Seine Welt dreht sich schneller, seit er im Sommer 2016 seinen Literaturblog aus der Taufe gehoben hat. "Aus reiner Langeweile heraus – es war Fußball-WM", blickt der bekennende "Fußballhasser" auf den Moment der Eingebung zurück. Schon im Jahr darauf wurden seine Social-Media-Aktivitäten im Rahmen der Frankfurter Buchmesse beim ersten Buchblog Award mit einem Sonderpreis ausgezeichnet. 2018 ging es dann richtig rund: nominiert im Wettbewerb "Die Goldenen Blogger" (zweiter Platz im Bereich Instagram), Pressereisen nach Georgien und Norwegen, offizieller Blogger des Deutschen Buchpreises, Blog-Fahrten nach Leipzig, Mainz, Hamburg, Köln, Berlin … Dabei legt er großen Wert darauf, als Rezensent möglichst unabhängig zu sein. "Ich lese das, was wir in der Buchhandlung haben, und gebe jedes Jahr ein Monatsgehalt für Bücher aus. Ich will nicht in jemandes Schuld stehen oder eine Erwartungshaltung schüren", erklärt er.

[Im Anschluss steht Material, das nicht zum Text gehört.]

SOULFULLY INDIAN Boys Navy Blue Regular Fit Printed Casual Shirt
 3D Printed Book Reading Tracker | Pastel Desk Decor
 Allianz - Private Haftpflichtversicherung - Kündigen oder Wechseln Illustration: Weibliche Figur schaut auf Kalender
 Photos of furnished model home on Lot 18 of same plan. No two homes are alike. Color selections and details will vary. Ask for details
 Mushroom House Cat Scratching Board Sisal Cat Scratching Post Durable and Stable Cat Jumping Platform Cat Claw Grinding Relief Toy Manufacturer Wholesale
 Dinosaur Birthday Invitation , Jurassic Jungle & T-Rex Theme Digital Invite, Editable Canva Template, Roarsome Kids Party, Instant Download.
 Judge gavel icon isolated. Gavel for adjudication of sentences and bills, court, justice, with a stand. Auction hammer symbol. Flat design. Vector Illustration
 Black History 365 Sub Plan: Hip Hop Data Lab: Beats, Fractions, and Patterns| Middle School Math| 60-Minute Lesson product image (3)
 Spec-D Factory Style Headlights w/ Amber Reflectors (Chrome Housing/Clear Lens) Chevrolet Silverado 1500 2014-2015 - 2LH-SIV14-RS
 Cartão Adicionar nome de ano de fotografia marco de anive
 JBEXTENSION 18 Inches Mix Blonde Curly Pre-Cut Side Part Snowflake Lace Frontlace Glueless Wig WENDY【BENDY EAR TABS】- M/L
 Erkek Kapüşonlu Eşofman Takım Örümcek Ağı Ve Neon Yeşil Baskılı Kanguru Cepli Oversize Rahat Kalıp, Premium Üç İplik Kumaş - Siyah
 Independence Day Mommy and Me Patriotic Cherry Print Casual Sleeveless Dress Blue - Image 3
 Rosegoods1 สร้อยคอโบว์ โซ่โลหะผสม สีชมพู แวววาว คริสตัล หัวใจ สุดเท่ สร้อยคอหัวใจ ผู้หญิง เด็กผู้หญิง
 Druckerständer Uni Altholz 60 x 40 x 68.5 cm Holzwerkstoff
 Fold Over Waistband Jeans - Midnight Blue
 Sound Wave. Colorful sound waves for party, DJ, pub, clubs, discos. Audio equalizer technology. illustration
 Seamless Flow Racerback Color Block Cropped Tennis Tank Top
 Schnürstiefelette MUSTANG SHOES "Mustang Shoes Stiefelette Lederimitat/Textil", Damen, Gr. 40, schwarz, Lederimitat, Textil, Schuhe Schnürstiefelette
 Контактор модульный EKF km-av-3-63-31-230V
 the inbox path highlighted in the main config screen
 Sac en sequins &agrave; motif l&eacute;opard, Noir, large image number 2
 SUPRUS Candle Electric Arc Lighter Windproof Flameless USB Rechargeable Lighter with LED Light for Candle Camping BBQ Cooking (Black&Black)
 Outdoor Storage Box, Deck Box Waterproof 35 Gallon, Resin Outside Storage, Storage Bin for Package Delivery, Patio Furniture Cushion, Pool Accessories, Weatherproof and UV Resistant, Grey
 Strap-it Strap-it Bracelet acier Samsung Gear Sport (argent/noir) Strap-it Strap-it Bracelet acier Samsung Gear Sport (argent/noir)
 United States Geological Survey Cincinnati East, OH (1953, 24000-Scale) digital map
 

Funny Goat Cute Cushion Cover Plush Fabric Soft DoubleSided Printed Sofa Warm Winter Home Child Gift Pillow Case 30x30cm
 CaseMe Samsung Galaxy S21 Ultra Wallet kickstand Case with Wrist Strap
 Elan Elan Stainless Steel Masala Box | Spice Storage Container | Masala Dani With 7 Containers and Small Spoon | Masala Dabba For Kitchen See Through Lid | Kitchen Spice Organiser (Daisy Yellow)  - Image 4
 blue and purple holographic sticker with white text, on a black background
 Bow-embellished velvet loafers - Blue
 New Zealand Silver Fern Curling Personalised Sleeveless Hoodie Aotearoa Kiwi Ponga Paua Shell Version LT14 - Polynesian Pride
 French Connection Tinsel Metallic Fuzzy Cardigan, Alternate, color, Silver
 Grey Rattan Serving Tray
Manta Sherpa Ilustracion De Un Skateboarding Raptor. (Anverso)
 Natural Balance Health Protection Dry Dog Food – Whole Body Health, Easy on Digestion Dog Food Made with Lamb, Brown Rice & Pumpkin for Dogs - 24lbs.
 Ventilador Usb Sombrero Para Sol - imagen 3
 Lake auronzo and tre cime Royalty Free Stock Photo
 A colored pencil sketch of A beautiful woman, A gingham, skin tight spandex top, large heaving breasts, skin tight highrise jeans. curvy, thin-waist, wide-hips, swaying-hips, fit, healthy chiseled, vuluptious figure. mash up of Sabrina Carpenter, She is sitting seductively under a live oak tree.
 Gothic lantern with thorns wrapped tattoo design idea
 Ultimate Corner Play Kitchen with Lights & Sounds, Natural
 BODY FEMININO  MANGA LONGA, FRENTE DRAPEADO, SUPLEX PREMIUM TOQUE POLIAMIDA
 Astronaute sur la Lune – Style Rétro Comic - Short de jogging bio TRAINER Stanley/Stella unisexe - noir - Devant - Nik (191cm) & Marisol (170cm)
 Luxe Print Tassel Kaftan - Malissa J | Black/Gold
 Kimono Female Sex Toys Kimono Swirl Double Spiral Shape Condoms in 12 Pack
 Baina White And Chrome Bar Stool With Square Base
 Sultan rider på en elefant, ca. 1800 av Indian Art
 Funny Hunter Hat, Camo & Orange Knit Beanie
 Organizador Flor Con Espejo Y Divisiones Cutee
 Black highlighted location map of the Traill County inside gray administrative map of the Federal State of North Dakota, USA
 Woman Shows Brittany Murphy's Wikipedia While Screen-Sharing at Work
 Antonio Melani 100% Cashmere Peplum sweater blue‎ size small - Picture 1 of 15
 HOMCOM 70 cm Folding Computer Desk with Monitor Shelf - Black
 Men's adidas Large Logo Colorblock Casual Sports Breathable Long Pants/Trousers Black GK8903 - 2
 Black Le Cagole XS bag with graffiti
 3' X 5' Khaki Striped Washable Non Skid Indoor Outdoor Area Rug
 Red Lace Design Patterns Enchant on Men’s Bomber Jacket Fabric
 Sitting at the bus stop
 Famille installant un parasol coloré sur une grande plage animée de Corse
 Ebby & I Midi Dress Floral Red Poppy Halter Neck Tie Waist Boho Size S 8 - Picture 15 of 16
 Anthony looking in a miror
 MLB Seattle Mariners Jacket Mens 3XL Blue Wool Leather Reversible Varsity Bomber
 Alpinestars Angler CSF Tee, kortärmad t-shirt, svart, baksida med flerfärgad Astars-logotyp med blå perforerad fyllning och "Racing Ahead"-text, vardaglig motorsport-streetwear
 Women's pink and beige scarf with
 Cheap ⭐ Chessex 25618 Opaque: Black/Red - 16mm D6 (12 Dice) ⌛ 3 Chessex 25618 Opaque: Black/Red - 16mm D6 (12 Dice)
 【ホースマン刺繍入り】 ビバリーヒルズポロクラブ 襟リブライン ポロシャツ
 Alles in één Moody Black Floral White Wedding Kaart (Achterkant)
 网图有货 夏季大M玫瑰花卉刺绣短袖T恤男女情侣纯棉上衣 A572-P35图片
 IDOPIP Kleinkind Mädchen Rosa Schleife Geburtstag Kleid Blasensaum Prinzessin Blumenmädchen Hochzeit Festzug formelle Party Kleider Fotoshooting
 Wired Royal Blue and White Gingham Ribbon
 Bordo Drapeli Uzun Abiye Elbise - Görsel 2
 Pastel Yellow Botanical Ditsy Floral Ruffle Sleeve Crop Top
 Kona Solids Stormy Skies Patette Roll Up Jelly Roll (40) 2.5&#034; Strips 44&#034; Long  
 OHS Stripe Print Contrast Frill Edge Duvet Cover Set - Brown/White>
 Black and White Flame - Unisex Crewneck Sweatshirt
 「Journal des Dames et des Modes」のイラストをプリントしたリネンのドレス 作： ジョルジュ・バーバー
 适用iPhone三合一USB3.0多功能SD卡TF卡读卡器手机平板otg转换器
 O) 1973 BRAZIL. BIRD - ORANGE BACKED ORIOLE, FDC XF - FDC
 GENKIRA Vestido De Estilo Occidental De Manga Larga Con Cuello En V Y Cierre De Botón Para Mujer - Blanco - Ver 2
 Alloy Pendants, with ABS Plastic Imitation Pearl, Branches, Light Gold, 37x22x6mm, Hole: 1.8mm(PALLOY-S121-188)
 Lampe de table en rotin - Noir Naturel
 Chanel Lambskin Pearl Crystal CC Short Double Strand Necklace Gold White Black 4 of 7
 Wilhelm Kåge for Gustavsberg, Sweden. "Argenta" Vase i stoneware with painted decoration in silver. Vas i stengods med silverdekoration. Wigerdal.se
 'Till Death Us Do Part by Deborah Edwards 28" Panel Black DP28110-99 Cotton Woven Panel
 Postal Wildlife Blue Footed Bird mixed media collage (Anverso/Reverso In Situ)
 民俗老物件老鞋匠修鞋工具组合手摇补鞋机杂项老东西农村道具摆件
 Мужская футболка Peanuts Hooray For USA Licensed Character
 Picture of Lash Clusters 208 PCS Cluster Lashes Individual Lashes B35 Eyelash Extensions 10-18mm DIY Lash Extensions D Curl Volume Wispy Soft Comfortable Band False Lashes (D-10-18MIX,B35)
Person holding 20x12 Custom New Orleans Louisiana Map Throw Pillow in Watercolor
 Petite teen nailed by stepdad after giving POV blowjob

Trotz seines Erfolgs als Blogger sieht sich Valerius in erster Linie als Buchhändler – ein Beruf, den er erst im zweiten Anlauf für sich entdeckt hat. Von der Offerte "Job statt Studium? Wir suchen für unsere Buchhandlung einen Auszubildenden" an der Tür von Stephanus Bücher in Trier fühlte sich der damalige Soziologiestudent augenblicklich angesprochen. Nach der Ausbildung wechselte er in die Universitätsfiliale, die er seit 2017 leitet. "Über die universitäre Klientel hinaus haben wir hier ein riesiges Einzugsgebiet", erläutert Valerius. Er genießt den engen Kontakt zu seiner langjährigen Stammkundschaft. Seine Einkaufsentscheidungen haben sich durch den regen Austausch in der Online-Community verändert, wie er sagt. Besonders in die Segmente Young Adult, Science-Fiction und Fantasy habe er jetzt einen besseren Einblick, der sich auch in höheren Verkaufszahlen niederschlage. Außerdem nehme er Titel aus unabhängigen Verlagen stärker wahr. "Insgesamt haben wir dadurch eine größere Bandbreite im Laden", so Valerius, für den der Buchhandel und das Bloggen ganz eng miteinander verzahnt sind. "Über den Blog kann ich meine Leidenschaft fürs Buch noch weiter über den Laden hinaustragen." Chef Georg Stephanus unterstützt die Social-Media-Aktivitäten seines Mitarbeiters und freut sich über die Aufmerksamkeit, die der Buchhandlung dadurch zuteil wird. Fotos und Berichte aus dem Alltag im Geschäft seien als "Blick hinter die Kulissen" bei den Lesern beliebt, weiß Valerius. Von den rund 14.000 Followern, die @literarischernerd inzwischen hat, kommen zahlreiche aus Trier. "Viele meiner Insta-Fans tätigen ihre Einkäufe hier bei uns", betont der Buchhändler.
Bevor im Sommer seine eigene Lesereise startet, stehen schon wieder einige Veranstaltungen an, von einer weiteren Lesereise nach Norwegen bis zur Moderation einer Buchvorstellung in Luxemburg. Jede Menge Inspiration also für viele überraschende Posts auf @literarischernerd. "Ich gehe durch die Welt und scanne sie automatisch nach Bildern für Instagram. Mal kommt mir beim Lesen die Idee für eine Inszenierung, mal entdecke ich Dinge, von denen ich weiß, dass ich sie später nutzen möchte." Seine Erfahrung gibt er inzwischen auch an Buchhandlungen und Autoren weiter. Anfang des Jahres hat er eine Autorin, die demnächst ihr Debüt im Fischer Verlag veröffentlicht, gecoacht, zusammen mit ihr einen Instagram-Account erarbeitet und erfolgreich an den Start gebracht.
Gemeinsam mit seinem langjährigen Partner, der in der Gastronomie tätig ist und sich an den @literarischernerd als ständigen Begleiter gewöhnt hat, kann sich Valerius ein Zukunftsprojekt vorstellen: ein Lesecafé, in dem alle Fäden zusammenlaufen.